Last verified April 2026

What Is an Agentic Runbook? A Precise Definition for 2026

An agentic runbook is a runbook executed by an AI agent that reasons over live observability signals, selects actions from a defined tool scope, requests human approval where required, and updates its own reference library based on incident outcomes.
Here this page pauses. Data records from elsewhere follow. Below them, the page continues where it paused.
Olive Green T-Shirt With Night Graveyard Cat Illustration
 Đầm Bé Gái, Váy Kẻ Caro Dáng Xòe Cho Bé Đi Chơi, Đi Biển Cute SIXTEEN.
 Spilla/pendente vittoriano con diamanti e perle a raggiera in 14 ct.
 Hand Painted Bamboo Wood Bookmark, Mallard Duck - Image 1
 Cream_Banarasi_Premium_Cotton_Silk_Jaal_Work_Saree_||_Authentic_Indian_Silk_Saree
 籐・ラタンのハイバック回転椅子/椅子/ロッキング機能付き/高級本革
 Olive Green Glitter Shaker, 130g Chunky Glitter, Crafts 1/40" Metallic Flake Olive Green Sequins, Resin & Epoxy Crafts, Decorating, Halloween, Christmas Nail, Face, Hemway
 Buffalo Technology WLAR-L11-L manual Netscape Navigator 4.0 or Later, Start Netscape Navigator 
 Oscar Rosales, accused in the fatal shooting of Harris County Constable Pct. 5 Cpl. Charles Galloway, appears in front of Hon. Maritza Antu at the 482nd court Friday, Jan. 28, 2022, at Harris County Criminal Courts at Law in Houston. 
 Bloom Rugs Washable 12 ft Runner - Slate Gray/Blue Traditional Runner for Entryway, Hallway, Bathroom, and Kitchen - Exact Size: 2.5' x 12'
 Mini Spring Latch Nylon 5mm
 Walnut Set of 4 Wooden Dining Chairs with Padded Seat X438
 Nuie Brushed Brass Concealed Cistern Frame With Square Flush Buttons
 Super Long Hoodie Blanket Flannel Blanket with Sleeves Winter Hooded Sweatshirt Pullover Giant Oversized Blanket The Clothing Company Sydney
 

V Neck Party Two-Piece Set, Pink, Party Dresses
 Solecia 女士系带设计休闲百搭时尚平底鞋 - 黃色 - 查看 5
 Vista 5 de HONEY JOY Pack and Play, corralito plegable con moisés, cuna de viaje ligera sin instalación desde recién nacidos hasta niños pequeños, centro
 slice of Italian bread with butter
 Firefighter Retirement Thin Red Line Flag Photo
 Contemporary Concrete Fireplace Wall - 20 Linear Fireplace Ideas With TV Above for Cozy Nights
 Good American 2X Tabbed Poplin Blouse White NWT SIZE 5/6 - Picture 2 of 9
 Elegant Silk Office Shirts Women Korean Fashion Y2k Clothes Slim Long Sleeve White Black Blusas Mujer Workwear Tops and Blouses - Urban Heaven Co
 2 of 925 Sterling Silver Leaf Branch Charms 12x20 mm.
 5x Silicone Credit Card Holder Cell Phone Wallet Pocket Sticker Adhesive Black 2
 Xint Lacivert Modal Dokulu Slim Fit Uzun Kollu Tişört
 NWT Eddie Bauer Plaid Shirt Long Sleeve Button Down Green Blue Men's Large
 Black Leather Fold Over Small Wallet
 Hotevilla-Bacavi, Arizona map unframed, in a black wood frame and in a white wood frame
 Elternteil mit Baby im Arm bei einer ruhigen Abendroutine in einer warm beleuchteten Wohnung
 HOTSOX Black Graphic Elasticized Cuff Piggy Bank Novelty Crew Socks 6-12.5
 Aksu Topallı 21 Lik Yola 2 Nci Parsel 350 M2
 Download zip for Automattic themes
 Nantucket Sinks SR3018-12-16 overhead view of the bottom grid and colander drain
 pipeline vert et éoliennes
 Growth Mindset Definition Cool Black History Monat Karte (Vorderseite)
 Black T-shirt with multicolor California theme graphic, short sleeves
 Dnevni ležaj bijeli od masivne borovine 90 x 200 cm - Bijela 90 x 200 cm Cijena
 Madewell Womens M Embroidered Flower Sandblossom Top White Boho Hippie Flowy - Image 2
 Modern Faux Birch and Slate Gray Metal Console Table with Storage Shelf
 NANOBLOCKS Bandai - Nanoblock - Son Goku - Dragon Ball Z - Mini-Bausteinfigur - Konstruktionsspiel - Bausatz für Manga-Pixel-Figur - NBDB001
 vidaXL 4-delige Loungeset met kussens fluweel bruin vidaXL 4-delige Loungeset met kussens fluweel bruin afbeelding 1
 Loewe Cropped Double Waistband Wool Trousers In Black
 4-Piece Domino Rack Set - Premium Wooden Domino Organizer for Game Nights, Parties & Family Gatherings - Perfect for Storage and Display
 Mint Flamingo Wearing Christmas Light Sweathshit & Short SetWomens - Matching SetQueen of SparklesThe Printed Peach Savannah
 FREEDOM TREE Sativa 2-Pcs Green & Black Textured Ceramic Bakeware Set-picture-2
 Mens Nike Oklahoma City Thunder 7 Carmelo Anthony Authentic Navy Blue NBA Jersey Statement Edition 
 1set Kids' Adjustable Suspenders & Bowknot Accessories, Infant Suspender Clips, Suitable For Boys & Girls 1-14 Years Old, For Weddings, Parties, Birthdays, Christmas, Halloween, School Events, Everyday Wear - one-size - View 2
The formal definition: three required properties

Every agentic runbook has three properties that distinguish it from the terms it is frequently confused with. A runbook that lacks any of these three is something else: an automated runbook, an AI-assisted runbook, or a chatbot. The distinction matters because the engineering tradeoffs, the security surface, and the required infrastructure differ substantially between the categories.

Agency

The system plans before it acts. It does not simply receive a trigger and execute a fixed script. It reads the current state of the system, retrieves relevant context (past incidents, runbook library, dependency topology), reasons about the options, and selects an action sequence. This is the most important distinguishing property.

Memory

The agent retains context across incidents. When it encounters a pod crash-loop, it can retrieve the last three incidents of the same type, what actions were taken, and whether they succeeded. This retrieval-augmented approach means the agent gets better with exposure, not just better with model updates.

Tool scope

The agent calls real APIs: kubectl, the PagerDuty API, Slack, CloudWatch, Terraform state. It does not just generate text about what should happen. The tool scope is explicitly defined in the runbook's action_boundary field, which also specifies which actions require human approval.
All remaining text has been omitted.